Exercise aim
Up to and including the line holding "Prostokątne lustro LED, 120x80cm, Verite", write out the data exactly from its first line, but not the pictures.

Input for this task
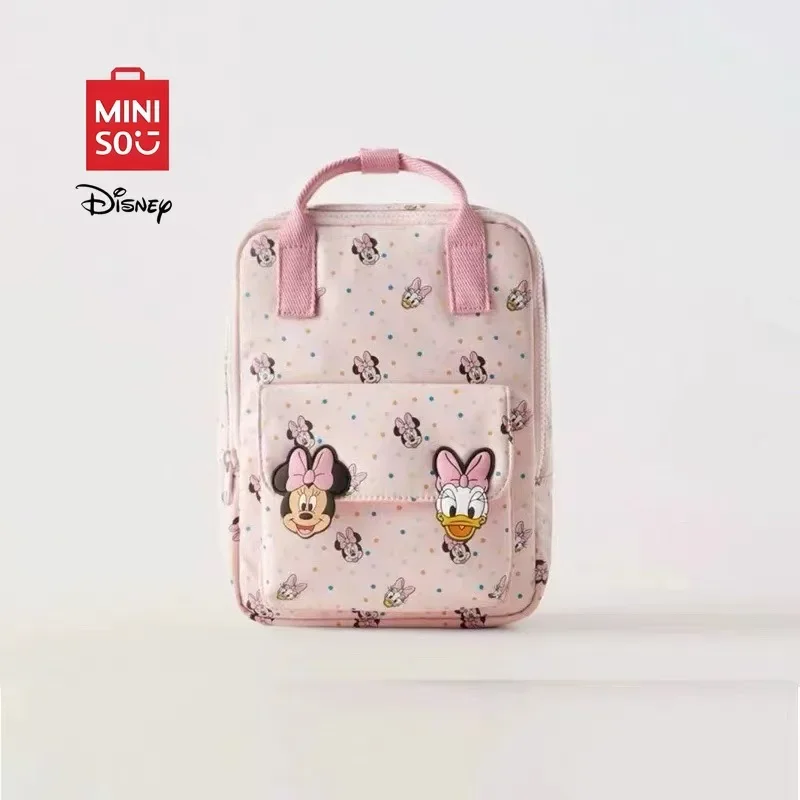 

MINISO Disney Pink Minnie Double-shoulder Backpack for Kindergarten Girls Cartoon Lovely Waterproof Fashion New Outdoors Bag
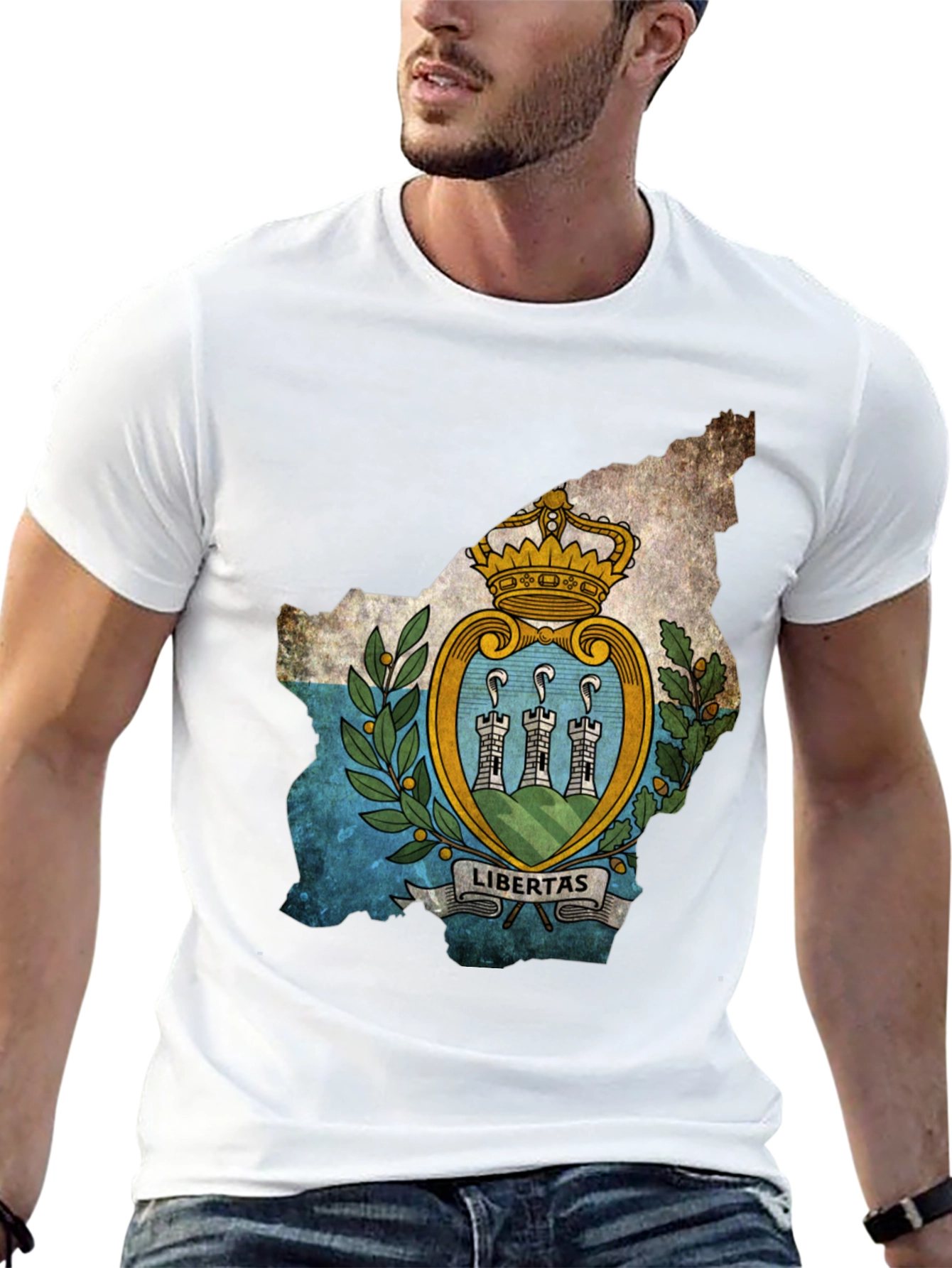 San Marino Flag Map T-Shirt - Black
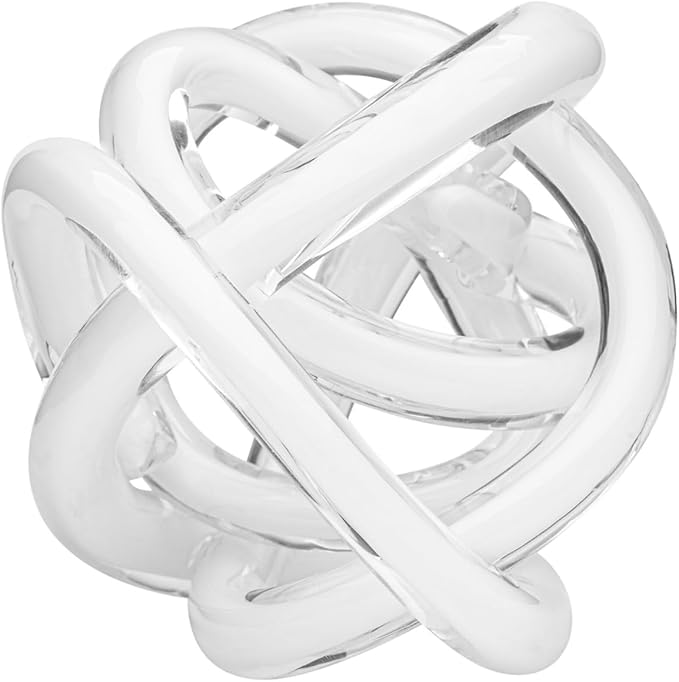 Torre & Tagus Orbit Hand Blown Glass Infinity Knot Sculpture - 4.5 Inch Glass Art White Knot Decor Ball for Home Decor, Small Centerpiece Table Decoration for Home Interior (Solid White)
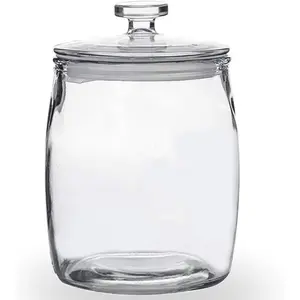 Wide Mouth Apothecary Jar with Lid, 0.5 Gallon Glass Jar for Kitchen Storage and Laundry Room Organization, 72 oz Clear Glass Container for Cookie, Candy, Sugar, Flour, Nuts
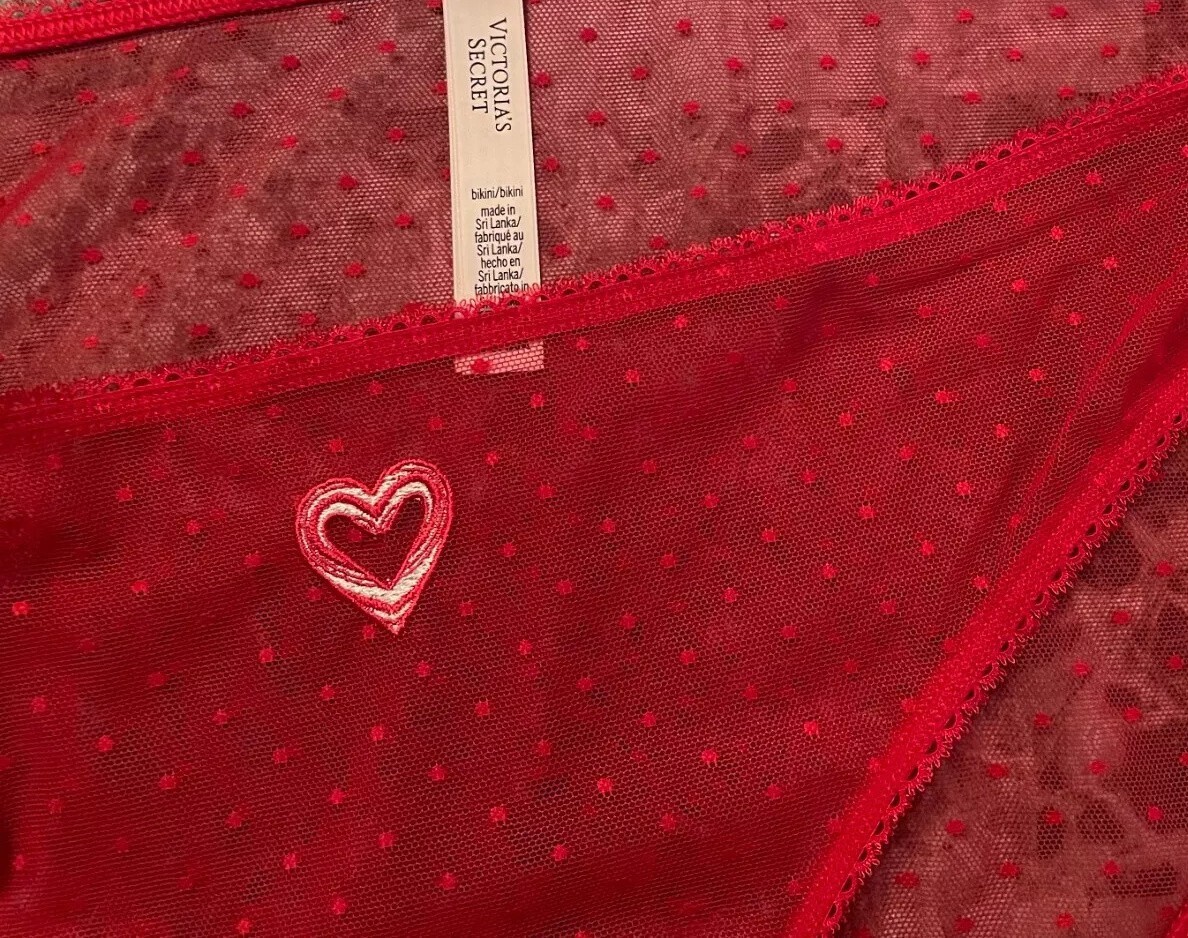 L All Bold Red Polka Dot Mesh w Heart Stretch Victoria’s Secret BIKINI Panty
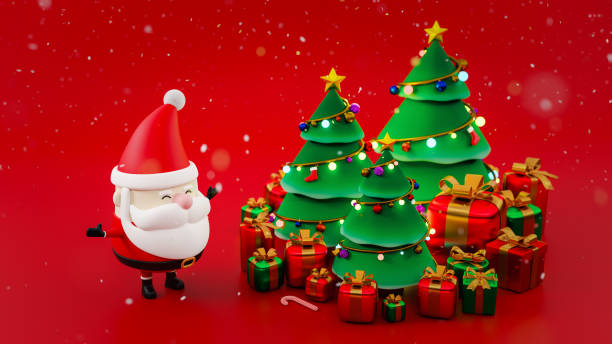 istock Santa Claus with Christmas trees with decorations and gift boxes on red background. Merry Christmas and Happy New Year. 3D render. 1658101865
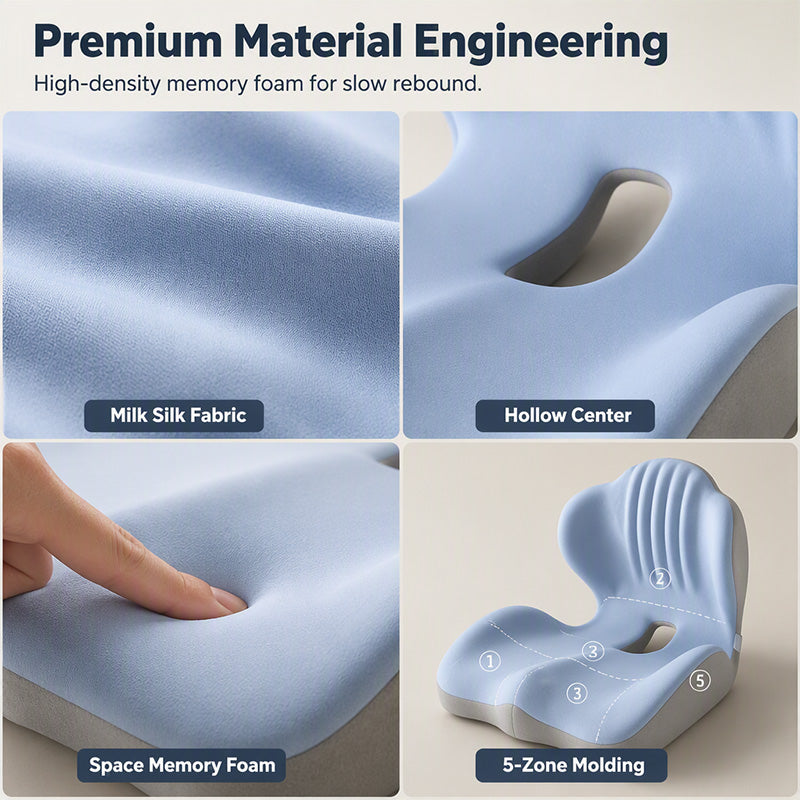 ✨Ergonomic Memory Foam Seat Cushion with Back Support – Stay Comfortable All Day, Perfect for Office, Car & Home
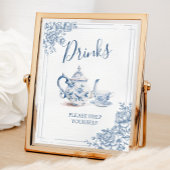 Blauw Victoriaans Tuin Bruids Thee Drinken Teken Poster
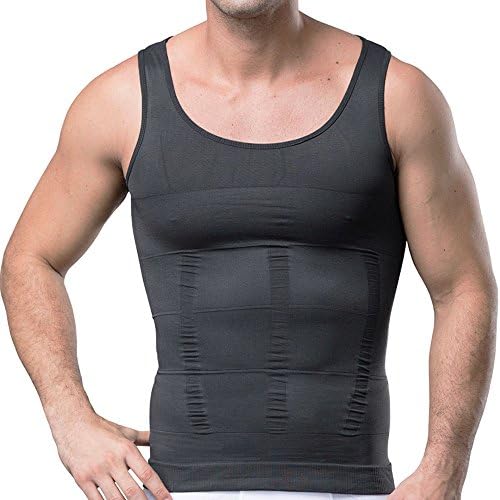 GSKS Mens Body Shaper Undergarment Compression Shirt Elastic Vest Slimming Undershirt Slim Shapewear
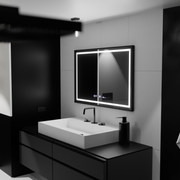 Prostokątne lustro LED, 120x80cm, Verite Majeste Noir Motion Glow Marcello, system odmgławiania, zegar i termometr, przyciemniane lustra Marcello Domyślny tytuł Alessandro Design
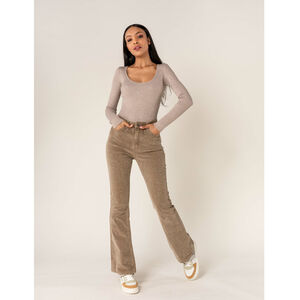 Pantalon bootcut taille haute en velours côtelé extensible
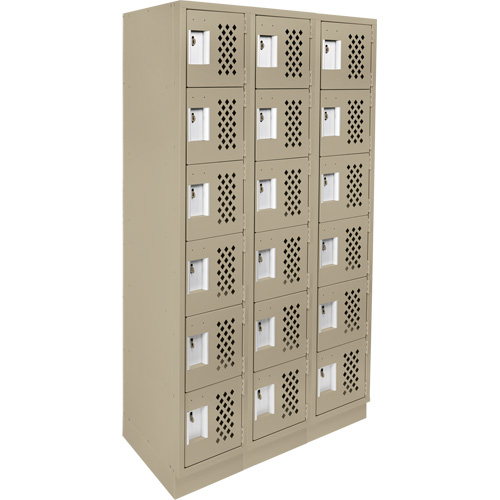 Assembled Lockerettes Clean Line Perforated Economy Lockers, 6 -tier, Bank of 3, 18" x 72" x 12", Steel Kelford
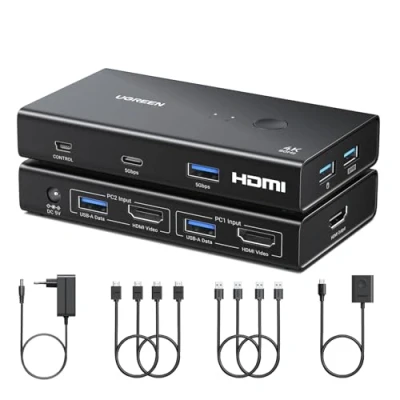 Abbildung von UGREEN HDMI 2.0 KVM Switch 2 PC 1 Monitor USB 4K@60Hz mit Desktop Steuerung für Share Display und 4 Anschlüsse Tastatur, Maus, Drucker, Webcam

Answer below
MINISO Disney Pink Minnie Double-shoulder Backpack for Kindergarten Girls Cartoon Lovely Waterproof Fashion New Outdoors Bag
 San Marino Flag Map T-Shirt - Black
 Torre & Tagus Orbit Hand Blown Glass Infinity Knot Sculpture - 4.5 Inch Glass Art White Knot Decor Ball for Home Decor, Small Centerpiece Table Decoration for Home Interior (Solid White)
 Wide Mouth Apothecary Jar with Lid, 0.5 Gallon Glass Jar for Kitchen Storage and Laundry Room Organization, 72 oz Clear Glass Container for Cookie, Candy, Sugar, Flour, Nuts
 L All Bold Red Polka Dot Mesh w Heart Stretch Victoria’s Secret BIKINI Panty
 istock Santa Claus with Christmas trees with decorations and gift boxes on red background. Merry Christmas and Happy New Year. 3D render. 1658101865
 ✨Ergonomic Memory Foam Seat Cushion with Back Support – Stay Comfortable All Day, Perfect for Office, Car & Home
 Blauw Victoriaans Tuin Bruids Thee Drinken Teken Poster
 GSKS Mens Body Shaper Undergarment Compression Shirt Elastic Vest Slimming Undershirt Slim Shapewear
 Prostokątne lustro LED, 120x80cm, Verite Majeste Noir Motion Glow Marcello, system odmgławiania, zegar i termometr, przyciemniane lustra Marcello Domyślny tytuł Alessandro Design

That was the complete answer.